Vietnam imported over 6,000 automobiles in January of this year, nearly twice as many as the same month last year, according to the National Statistics Office.
Despite the year-on-year increase, the figure still fell short of the previous month by 1,000 units.
Experts said the increase was due to high demand before Tet combined with an automobile import tax cut that took affect at the start of the year. However, Vietnam's General Department of Customs has announced new car tax rates, effective from January 29, that will see an increase of between 1 and 6 percent.
The minimum tariff to be applied by customs will generally increase from 500 USD to 1,500 USD against last year. Some automobiles, such as the five-seater Toyota Corolla, will be subject to a new tariff of 11,000 USD replacing for current tariff at 9,500 USD.
Most experts and traders are still optimistic about the market recovery in 2011 after the sharp dip in 2010.
Director of the Truong Hai Automobile Joint Stock Company Tran Ba Duong said that they had invested strongly to widen their business. His company planned to leave the difficulties of 2010 behind to sell 32,000 automobile in 2011. Last year, he added, his company sold 26,500 units.

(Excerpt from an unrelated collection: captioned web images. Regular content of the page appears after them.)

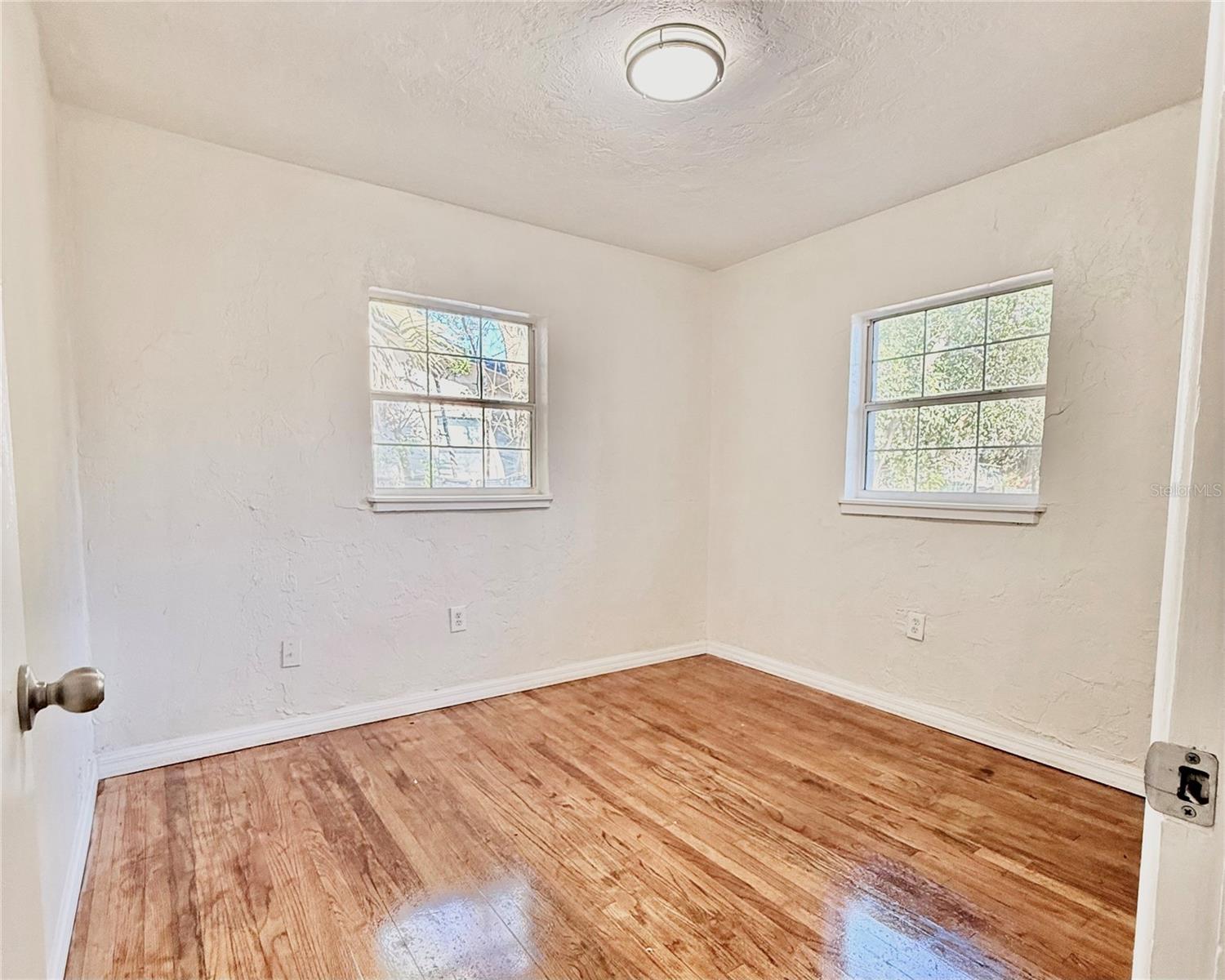 Image 14 of 41 For 821 22nd Terrace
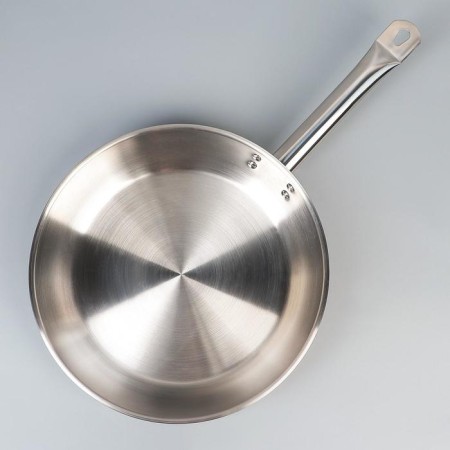 Skoroda "General catering", D = 30 cm, housing thickness 0.6 mm, bottom 3.5 mm, with a heat distribution layer, induction-1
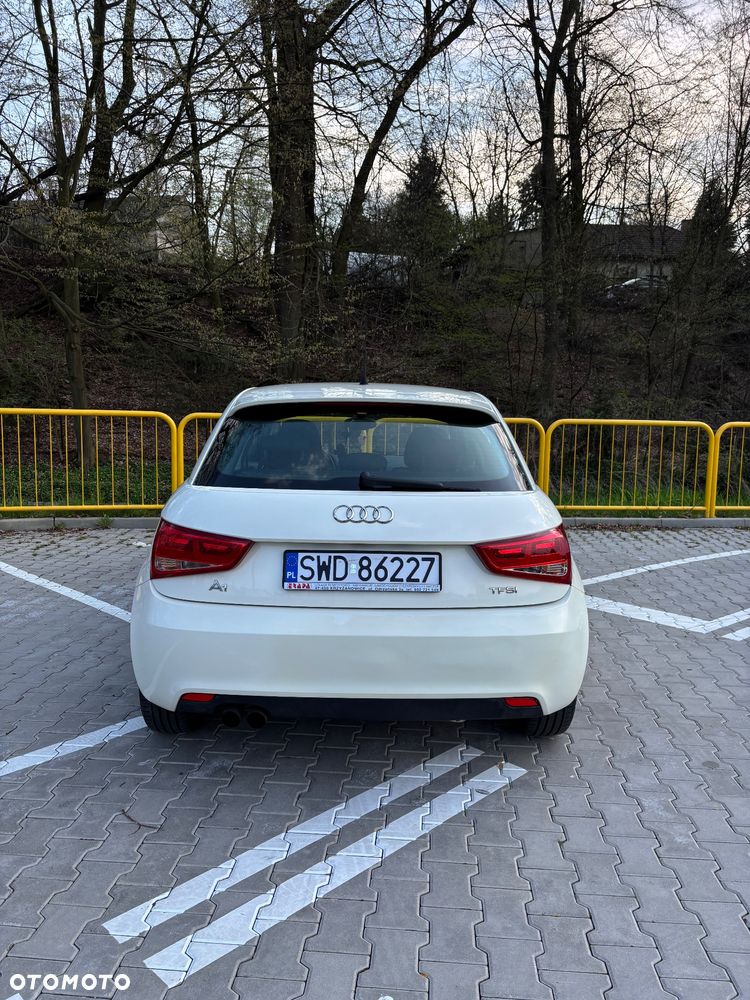 Audi A1 Sportback 1.4 TFSI Attraction - 4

A representative from Audi Vietnam said demand in Vietnam was increasing, shown by the number of orders his company had recently received. In January, they had received three times as many orders compared with the same period last year, he said.
In 2010, the automobile market was strongly affected by the global recession.
A report by the Vietnam Automobile Manufacturers' Association said that last year, 150,000 units were sold in the country, a year-on-year decrease of 17 percent.
Experts said that the reasons for the dip were tax policies, exchange rate fluctuating and high interest.
Due to these challenge, some experts are worried that the market might not recover. The marketing director of a famous automobile company in Vietnam predicted that the market this year would not change much compared with 2010, based on the fact that many importers and manufacturers had increased prices due to the devaluation of the Vietnamese dong.
The Ministry of Finance has also recently asked the Government to increase registration tax from 15 to 20 percent this year. If this proposal was approved, the market would fall into the same situation as 2010, he said.